Ahmad Al-Naggar : Mohammad Yunus, le fondateur de la Grameen Bank, est venu en Egypte au milieu des années 1990 pour appliquer son expérience dans notre pays. Son adjoint est resté en Egypte pendant 4 ans et a dû regagner le Bangladesh sur une immense déception. Yunus croyait à son projet et l’a géré contre vents et marées, mais le dossier en Egypte a été attribué et géré par des bureaucrates sans audace ni souci de remédier vraiment à la pauvreté.

— Mais le Fonds social de développement, créé à cette époque, avait pourtant le même objectif de remédier à la pauvreté ...

— C’est vrai, il a été créé afin de remédier aux impacts négatifs des réformes structurelles entreprises à l’époque, et pour réduire le chômage et la pauvreté. Mais si la GB n’impose aucune condition aux emprunteurs, ici en Egypte, le Fonds exige des garanties financières ou immobilières allant au-delà du montant même du crédit. Au Bangladesh, il suffit qu’un groupe d’emprunteurs s’engagent collectivement à rembourser. Aucune procédure n’est engagée contre eux s’ils n’arrivent pas à le faire.

— Certains estiment que la GB n’est qu’une sorte de « spectacle » que certains tiennent à faire réussir. Elle a donc reçu pour cela d’énormes aides. Partagez-vous cette opinion ?

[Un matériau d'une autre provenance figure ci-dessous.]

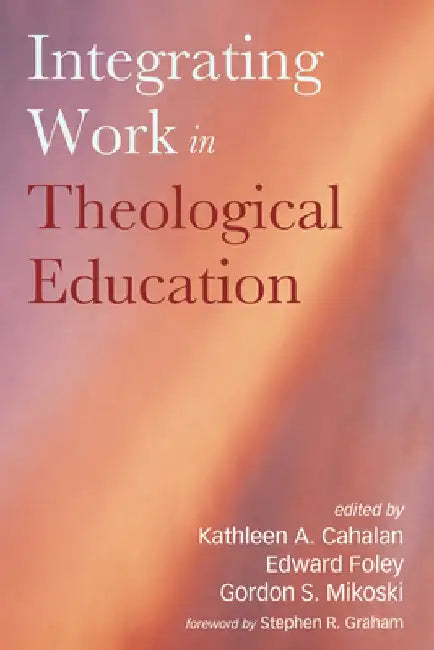 Integrating Work in Theological Education by Kathleen A. Cahalan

— Il est tout à fait normal que plusieurs institutions donatrices tiennent à la réussite d’un projet qui bénéficie aux pauvres. Par ailleurs, l’administration de la GB, Yunus inclus, a géré ces fonds en toute transparence. Par contre, en Egypte, on dit que les membres du Parti national démocrate, au pouvoir, ont accès aux crédits du Fonds social, sans avoir de vrais projets rentables.